Peter Maydell - 2018/9/8 11:34 PM:
> On 8 September 2018 at 15:15, Yan-Jie Wang <jaywang0.tw@gmail.com> wrote:
>> In macOS, lseek with SEEK_DATA behaves differently.
>> It seeks to the next data region even though offset is in the middle of
>> a data region. In addition, there may be many data regions without any
>> hole among them, like this: |---Data---|---Data---|
>>
>> Because of this, qemu-img convert with raw images as input may create
>> corrupted images in macOS especially for large files, and qemu-img
>> map may also report wrong things. This patch fixes this undesired
>> behaviors.
> 
> Hi. I have two general questions here:
> (1) is this behaviour of SEEK_DATA specific to macOS, or do the
> other BSDs (FreeBSD, OpenBSD, NetBSD) also have it ?
I have installed FreeBSD in Virtualbox and checked the behavior of lseek in FreeBSD.
The behavior of SEEK_DATA is the same as the one in Linux.

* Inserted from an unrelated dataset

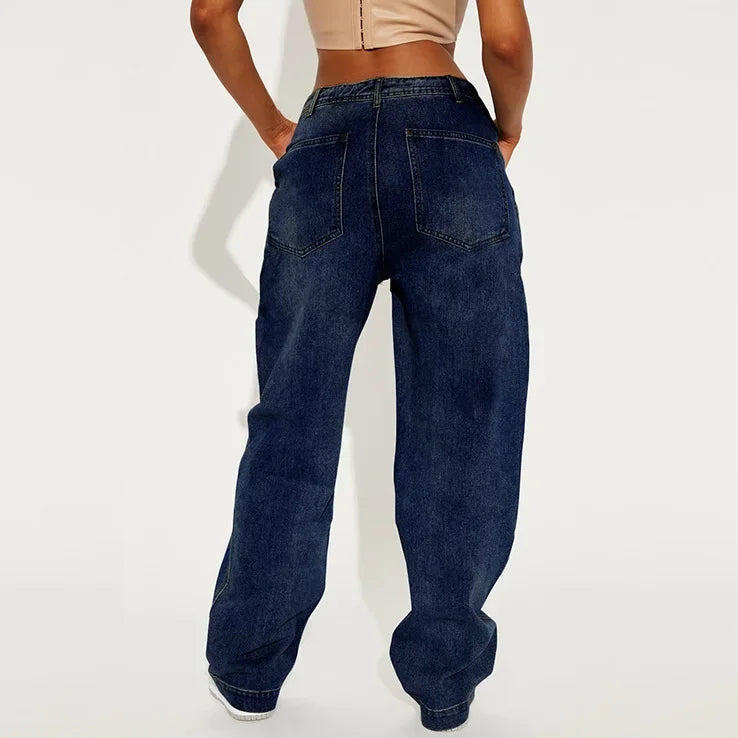 Y2k American Retro Fashion Women High Waist Cartoon Printed Jeans High Street Design Slim Casual Straight Wide-Leg Jeans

> (2) is there a way to determine which flavour of SEEK_DATA we
> have as a configure-time test rather than having to hardcode
> an OS-specific #ifdef ?
macOS can be installed on HFS+ or APFS filesystem. Only APFS supports SEEK_DATA and SEEK_HOLE.

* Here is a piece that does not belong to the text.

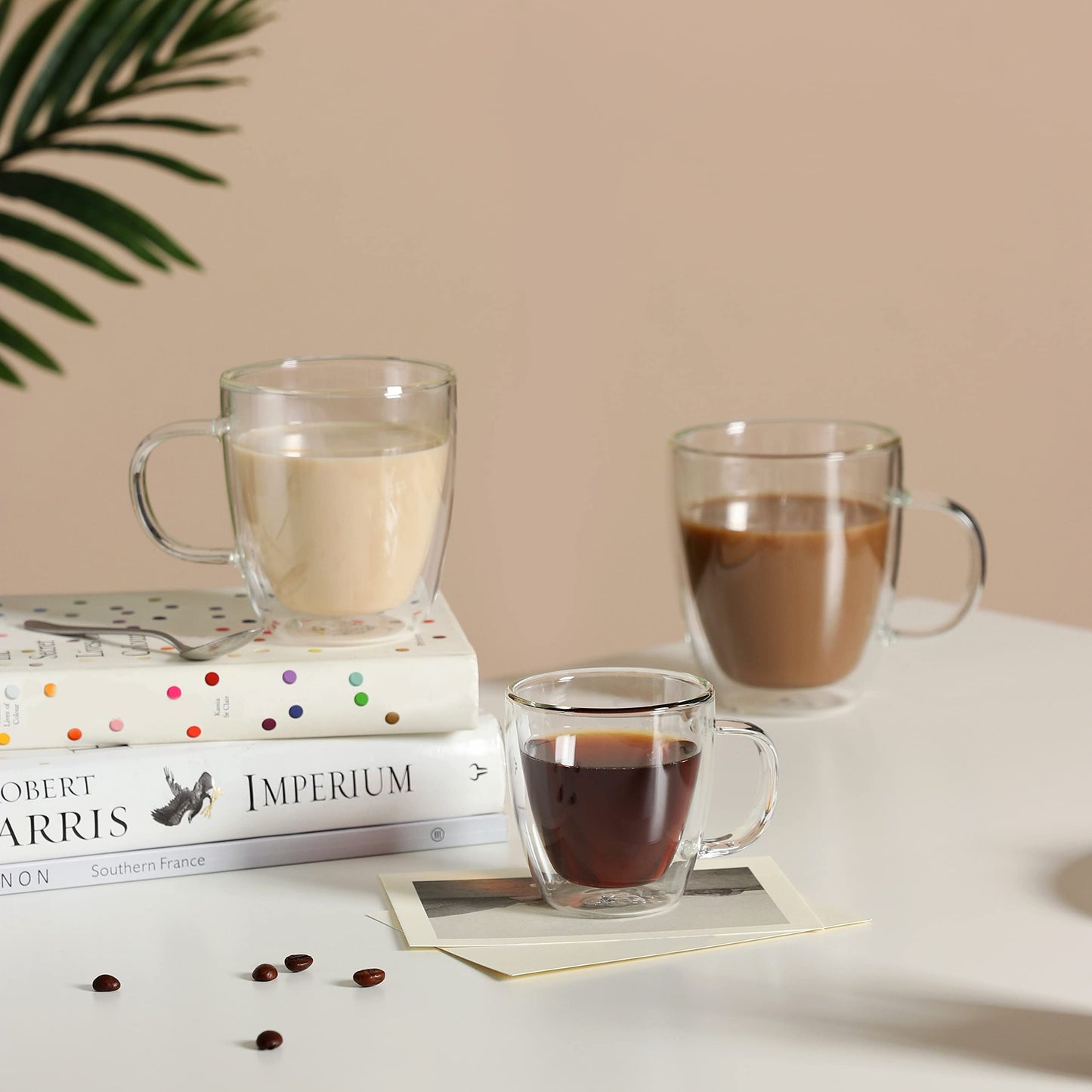 CNGLASS Double Wall Glass Coffee Mugs 12 oz,Insulated Glass Coffee Cups with Handle,Clear Coffee,Cappuccino Cups,Tea Cups,Latte Cups,Beverage Heat Resistant,Set of 2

If we try to build qemu on HFS+ filesystem, it is not possible to detect the behavior
of SEEK_DATA and SEEK_HOLE on configure-time.  lseek with SEEK_DATA or SEEK_HOLE returns
errors when the file being checked is on HFS+ filesystem. (I have checked it by formatting
my USB thumb drive to HFS+ filesystem and running the program provided at the top of this email on the file located at the HFS+ filesystem on my thumb drive.)

> 
> thanks
> -- PMM
>
diff mbox series

Patch

diff --git a/block/file-posix.c b/block/file-posix.c
index fe83cbf0eb..5c208580e6 100644
--- a/block/file-posix.c
+++ b/block/file-posix.c
@@ -2325,6 +2325,7 @@  static int find_allocation(BlockDriverState *bs, off_t start,
     BDRVRawState *s = bs->opaque;
     off_t offs;
 
+#if !(defined(__APPLE__) && defined(__MACH__))
     /*
      * SEEK_DATA cases:
      * D1. offs == start: start is in data
@@ -2395,6 +2396,64 @@  static int find_allocation(BlockDriverState *bs, off_t start,
         *hole = offs;
         return 0;
     }
+#else
+    /*
+     * In macOS, lseek with SEEK_DATA seeks to the next data region
+     * even though the offset is in the middle of a data region.
+     * In addition, there may be many data regions without any holes among
+     * them, like this:  |----Data----|----Data----|
+     *
+     * Although the behavior of lseek with SEEK_DATA is different in macOS,
+     * the behavior of lseek with SEEK_HOLE in macOS is the same as the one in
+     * Linux.
+     *
+     * Therefore, the cases D1, D2 and H2 are changed to the followings
+     * for macOS:
+     *  D1. offs == start: start is at the beginning of a data region.
+     *  D2. offs > start: either start is in a hole, next data at offs
+     *      or start is in the middle of a data region,
+     *      next data at offs.
+     *  H2. offs > start: start is in data, next hole at offs
+     */
+
+    offs = lseek(s->fd, start, SEEK_HOLE);
+    if (offs < 0) {
+        return -errno;  /* H3 or H4 */
+    }
+
+    if (offs < start) {
+        /* This is not a valid return by lseek().  We are safe to just return
+         * -EIO in this case, and we'll treat it like D4. */
+        return -EIO;
+    }
+
+    if (offs > start) {
+        /* H2: start is in data, next hole at offs */
+        *data = start;
+        *hole = offs;
+        return 0;
+    }
+
+    /* H1: start is in a hole */
+    offs = lseek(s->fd, start, SEEK_DATA);
+
+    if (offs < 0) {
+        return -errno;  /* H1 and (D3 or D4) */
+    }
+
+    if (offs < start) {
+        /* This is not a valid return by lseek().  We are safe to just return
+         * -EIO in this case, and we'll treat it like D4. */
+        return -EIO;
+    }
+
+    if (offs > start) {
+        /* H1 and D2: start is in a hole, next data at offs */
+        *hole = start;
+        *data = offs;
+        return 0;
+    }
+#endif
 
     /* D1 and H1 */
     return -EBUSY;